Your objective: When you reach the line containing "Audi Q3 (F3) 35 TDI Sportback (08.2022)" in the entries below, start writing out each line exactly, and stop after the line containing "Mercedes Benz Viano 115 cdi".

Task inputs:
———
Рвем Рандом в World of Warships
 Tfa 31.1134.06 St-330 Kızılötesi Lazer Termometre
———
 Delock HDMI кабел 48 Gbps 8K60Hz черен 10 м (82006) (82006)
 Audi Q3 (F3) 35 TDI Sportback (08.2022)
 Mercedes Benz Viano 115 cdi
———
Solution for this problem:
 Audi Q3 (F3) 35 TDI Sportback (08.2022)
 Mercedes Benz Viano 115 cdi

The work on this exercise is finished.